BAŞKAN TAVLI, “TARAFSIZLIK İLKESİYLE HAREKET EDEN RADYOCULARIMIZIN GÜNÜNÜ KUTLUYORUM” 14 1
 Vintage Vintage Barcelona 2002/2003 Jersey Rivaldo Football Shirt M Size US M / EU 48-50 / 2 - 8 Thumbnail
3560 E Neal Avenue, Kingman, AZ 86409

= = = =

▶ [What is expected]: Exactly as given, repeat each line above.

▶ [Result below]:
BAŞKAN TAVLI, “TARAFSIZLIK İLKESİYLE HAREKET EDEN RADYOCULARIMIZIN GÜNÜNÜ KUTLUYORUM” 14 1
 Vintage Vintage Barcelona 2002/2003 Jersey Rivaldo Football Shirt M Size US M / EU 48-50 / 2 - 8 Thumbnail
3560 E Neal Avenue, Kingman, AZ 86409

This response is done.